Seine Frau wird deutlicher. „Die Gesellschaft fragmentiert immer mehr. Es gibt viel seltener das gemeinsame Lagerfeuer, wo wir uns austauschen, wo über Generationen und Schichten hinweg Menschen zusammenfinden“, sagt Elke Büdenbender. „Das Interesse am Gemeinwohl ist doch stark gesunken“, lautet ihr skeptisches Fazit – trotz allen Engagements vieler Einzelner.
Selbstverständlich spielt auch das derzeit wichtigste Thema der deutschen Politik eine Rolle: die schleppende Regierungsbildung nach der Bundestagswahl. „70 Jahre haben wir in Deutschland mit der Erfahrung gelebt, dass nach Wahlen relativ schnell eine Regierung zustande kommt.
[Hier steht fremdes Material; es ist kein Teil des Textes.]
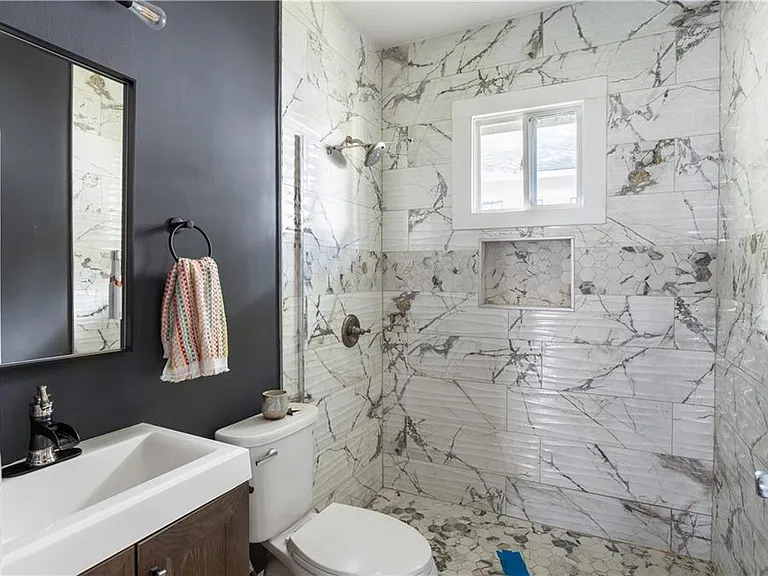 1010 Dill Ave SW — Photo 17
Das ist jetzt zum ersten Mal nicht so“, konstatiert der Bundespräsident gelassen.
„Das Grundgesetz macht die Auflösung des Bundestages mit dem Weg zu Neuwahlen ganz, ganz schwer“, ergänzt Steinmeier, der mit seinem dringenden Appell an Union und SPD, es gemeinsam zu versuchen, die Regelungen des Grundgesetzes umgesetzt hat. „Wir – also auch die Medien – sollten ein wenig Erwartungsmanagement betreiben: Wenn die Wahlergebnisse so sind wie jetzt, dann versteht es sich von selbst, dass sich eine Regierung nicht mehr so einfach bilden lässt wie das früher, bei klareren Wahlergebnissen, der Fall war“, sagt Steinmeier.
Drei sehr mahnende Sätze
Und dann kommen drei sehr mahnende Sätze des Staatsoberhaupts: „Demokratie kann keine Zukunft haben, wenn die Bereitschaft und die Fähigkeit zum Kompromiss verloren geht. Das Bewusstsein dafür wieder zu stärken ist die große Aufgabe. Wenn das gelingt, habe ich übrigens auch keine Angst um die Zukunft von Volksparteien.“
Nach einer Stunde des intensiven Gesprächs bleiben zwei Eindrücke haften: Steinmeier hat seine Rolle als Bundespräsident gefunden und fühlt sich in seinem Amt ausgesprochen wohl. Und: Entscheidenden Anteil daran hat offensichtlich seine Frau mit ihrem Engagement. Die beiden ergänzen sich, ja wirken bisweilen wie ein Präsidententeam.